Le Gouvernement s’est engagé, dans le cadre du plan Biodiversité, présenté en juillet dernier, à consacrer 150 millions d’euros d’ici à 2021 pour expérimenter des outils de paiement pour services environnementaux. Ces PSE viseront prioritairement à valoriser les pratiques bénéfiques à l’environnement, notamment la préservation des sols et la restauration de la biodiversité partout.

À cet égard, je veux dire à mon collègue Jean-Pierre Decool que les wateringues font totalement partie de ce dispositif.

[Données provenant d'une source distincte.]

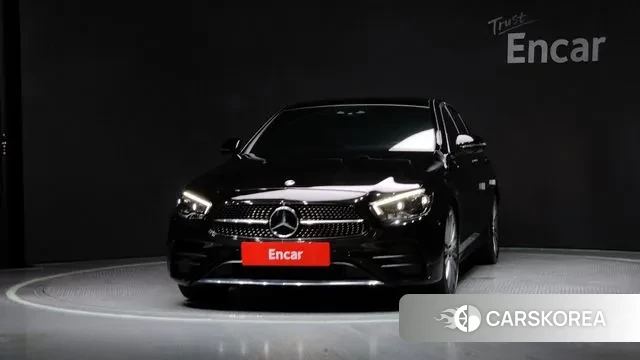 Mercedes-Benz E-Class W213 id 2930616 из Кореи 13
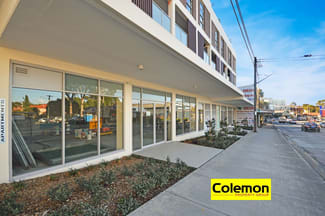 Shop & Retail commercial property leased at Shop 1/277-281 Canterbury Road Canterbury NSW 2193 Shop & Retail commercial property leased at Shop 1/277-281 Canterbury Road Canterbury NSW 2193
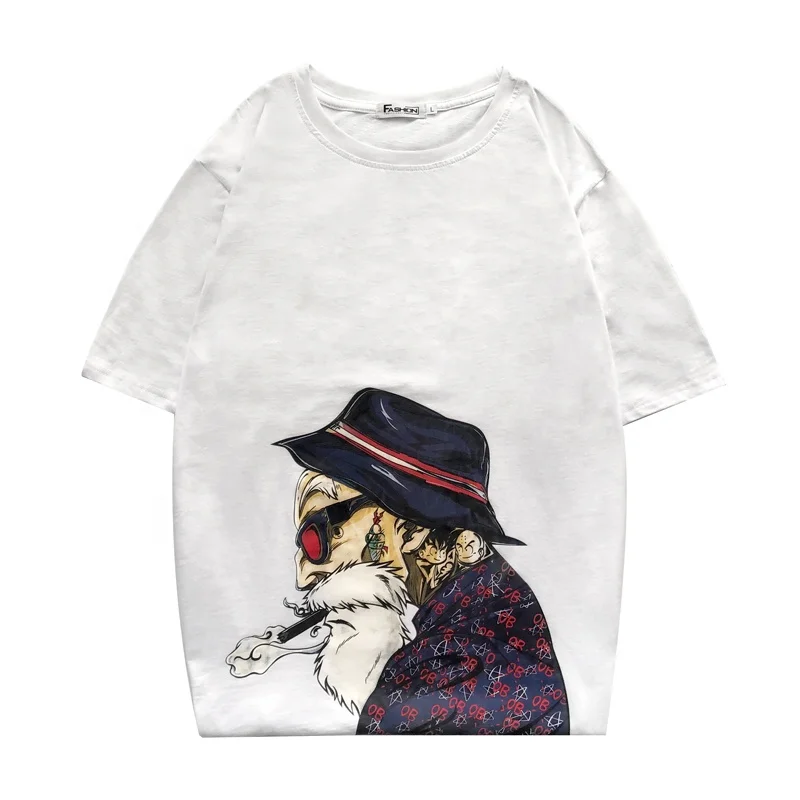 2020 Summer New Wholesale cheap Hip Hop hot Anime Naruto T shirt digital printing 3D printing T shirt Custom Logo Men t shirt
2020 Summer New Wholesale cheap Hip Hop hot Anime Naruto T shirt digital printing 3D printing T shirt Custom Logo Men t shirt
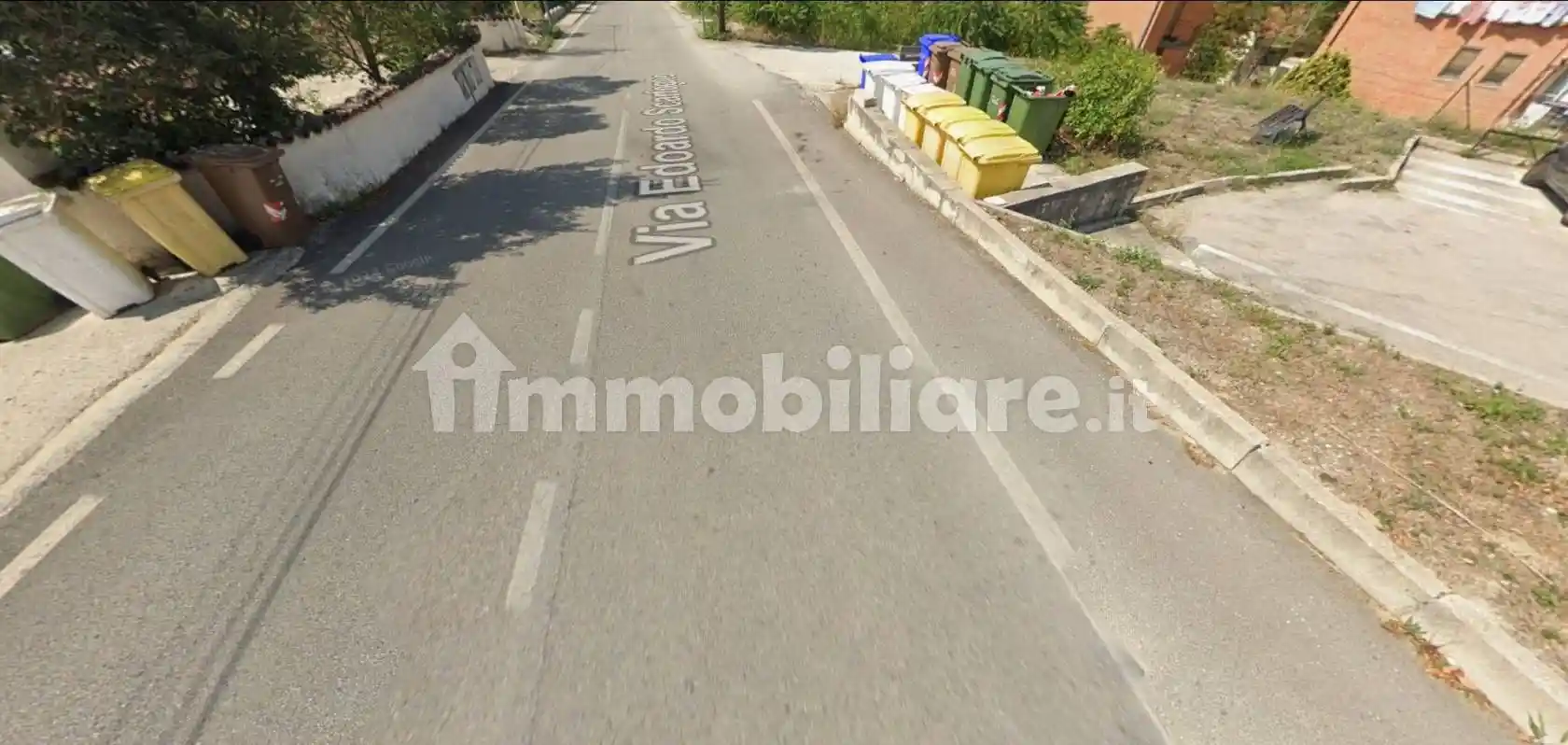 Appartamento all'asta via Edoardo Scarfoglio 34, L'Aquila - foto 2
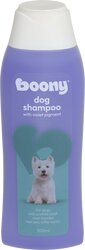 BOONY SHAMPOO WITTE VACHT 300 ML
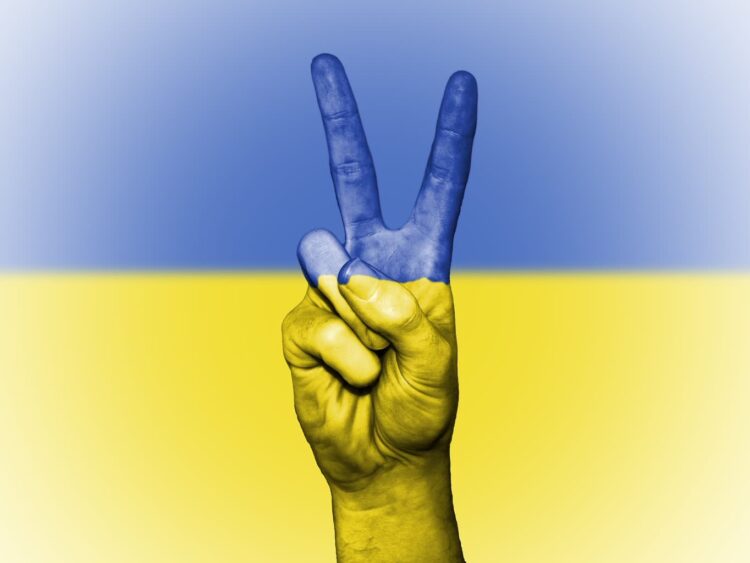 Sondaż dla wp.pl: 80,4 proc. badanych dobrze ocenia politykę rządu na arenie międzynarodowej ws. wsparcia Ukrainy Radio Zachód - Lubuskie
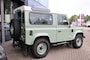 Land Rover Defender 90 *HERITAGE*24876KM*1ste OWNER*LIKE NEW*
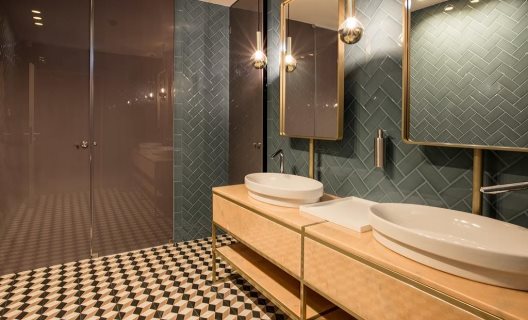 Hotel Exe Almada Porto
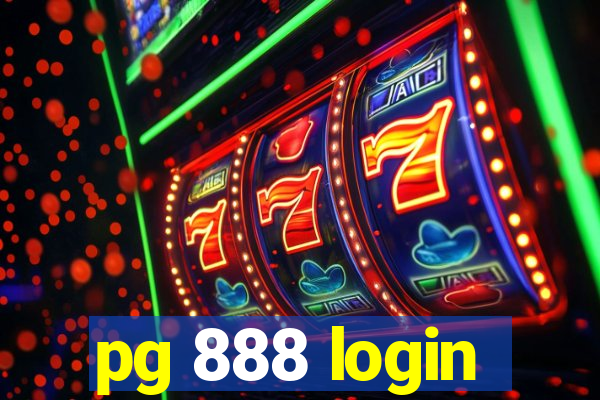 pg 888 login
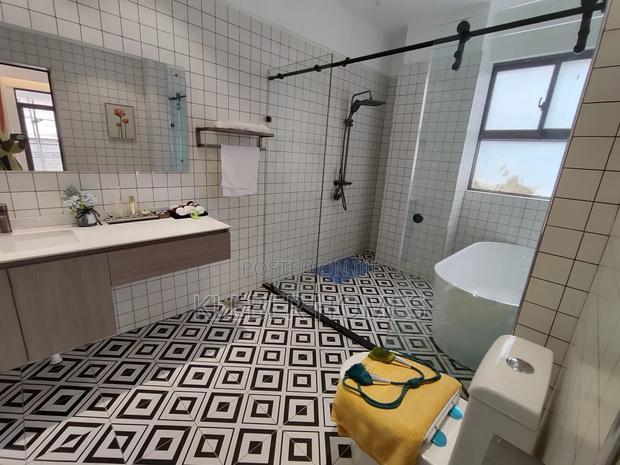 4 Bedroom Apartment In Kileleshwa For Sale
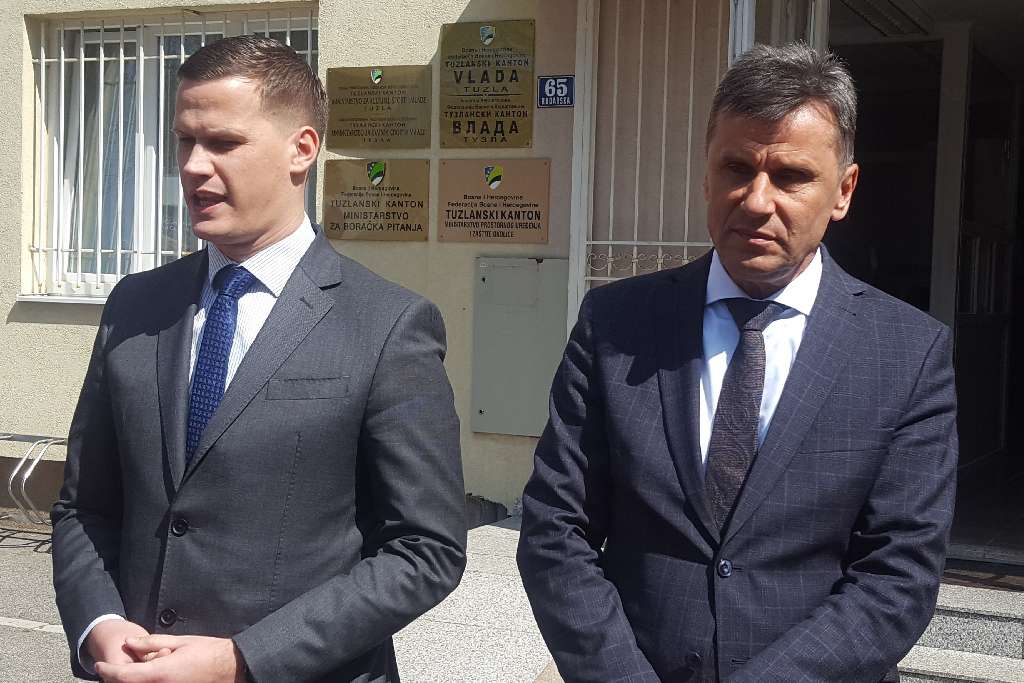 Fena/Foto: Anisa Mahmutović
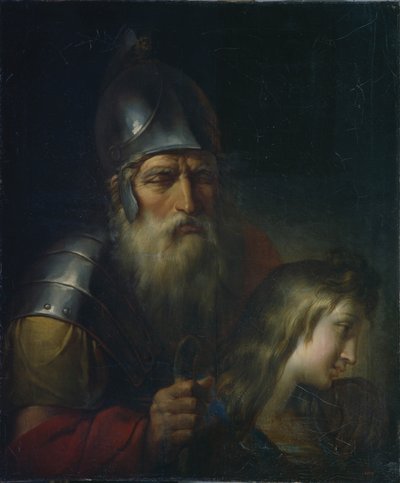 Belisario da Antonio Vigi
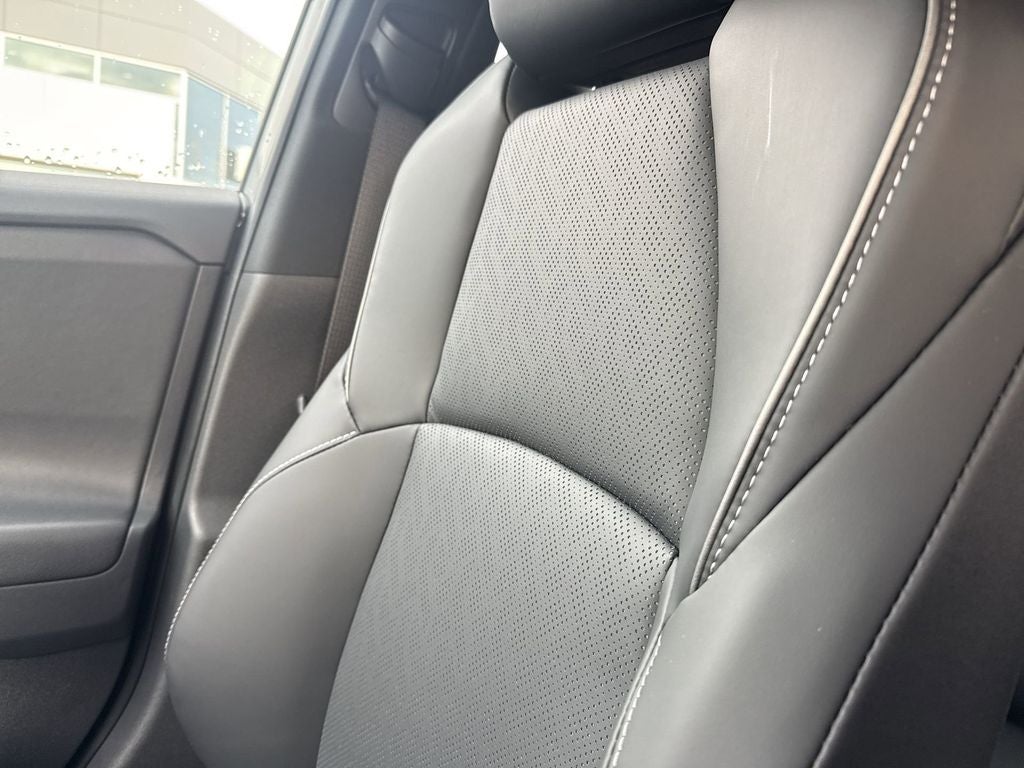 2026 Subaru UNCHARTED Sport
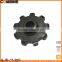 Hot Sale Pinion for CNH Combine Harvester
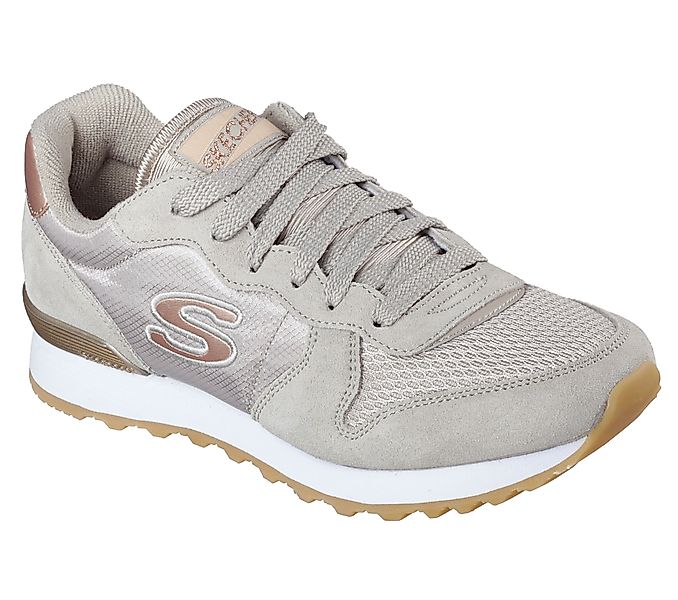 Skechers OG 85 - GOLDN GURL günstig online kaufen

Les ministères de l’agriculture et de la transition écologique travaillent conjointement sur ce point.

Pour conclure, je veux vous assurer que le Gouvernement est engagé dans cette voie et va travailler dans les mois et les années qui viennent à développer toutes les démarches de nature à soutenir les nombreuses prestations environnementales rendues par les agriculteurs, comme c’est déjà le cas.

Aussi, le Gouvernement donne un avis favorable à cette proposition de résolution, tout en sachant qu’il faudra aller plus loin encore pour préciser les choses. Il faudra en effet mettre en cohérence le droit français et le droit européen, en vue de généraliser un jour ce dispositif.